Starting a business is risky. That's why you're dipping your toe into the entrepreneurial waters by working on your start-up on the side while you hold onto your regular gig. You'll keep a paycheck coming in and validate your idea before you take the plunge into life as a founder.
Smart thinking, right?
Nope, argues serial entrepreneur David Hauser recently on his blog. While side projects might sound like a sensible gateway into start-up life for the individuals pursuing them, our collective fixation on our after-hours gigs is causing to some serious problems, Hauser says.
"There’s currently a start-up side project bubble," he insists before going on to explain why the fact that everybody and their brother has something cooking outside of their normal job is both bad for their employers and for this army of would-be entrepreneurs:
Everyone from designers to developers to UI/UX to biz dev thinks they’re an entrepreneur and has a side project going on. Why is this happening, you ask? It’s because everyone wants to be an entrepreneur, but they’re not quite yet ready to commit.
This creates a big problem.
It’s a problem because side projects create a talent bubble of people who aren’t fully engaged and are just doing enough at their “real” or full-time job to get by until their startup is up and running. This means their productivity suffers at their full-time job, an expense the employer ends up paying. The side project owners justify it by assuming it will only be for a short period of time.

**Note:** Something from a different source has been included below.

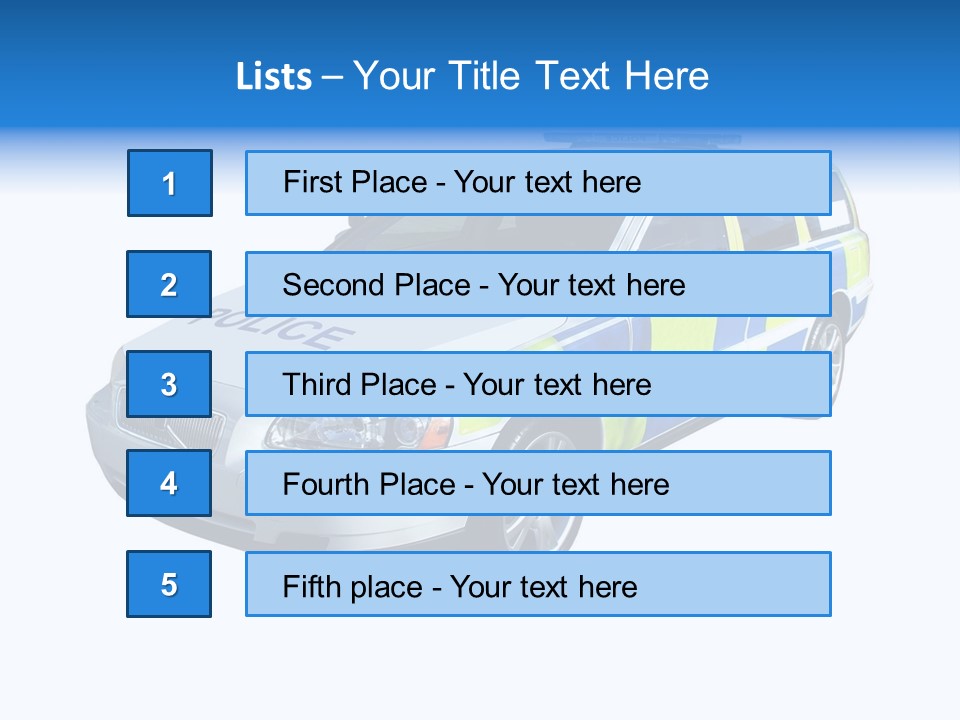 A High Speed Motorway Police Car. PowerPoint Template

But when it comes down to what actually happens, startups often take longer than expected to get up and running all while the job and the startup limp on. The employee doesn’t excel at his job nor does the startup take off.
The root of the problem, Hauser concludes, is a lack of clear thinking. To do a start-up right you need to give it your full attention. If that seems too risky to you, the hard truth according to Hauser is that you're probably not founder material. "Don’t shoot yourself in the foot by stringing your employer along and delaying the leap to becoming a full-time entrepreneur," he advises part-time entrepreneurs.
Of course, not everyone agrees with Hauser. Other entrepreneurs insists that actually sampling entrepreneurship is the only way to really know if it's for you, which implies, of course, dabbling on the side while you test the waters. And some companies even go so far as to actively support their employees' side projects.
Which side are you on: Are you for or against entrepreneurial side projects?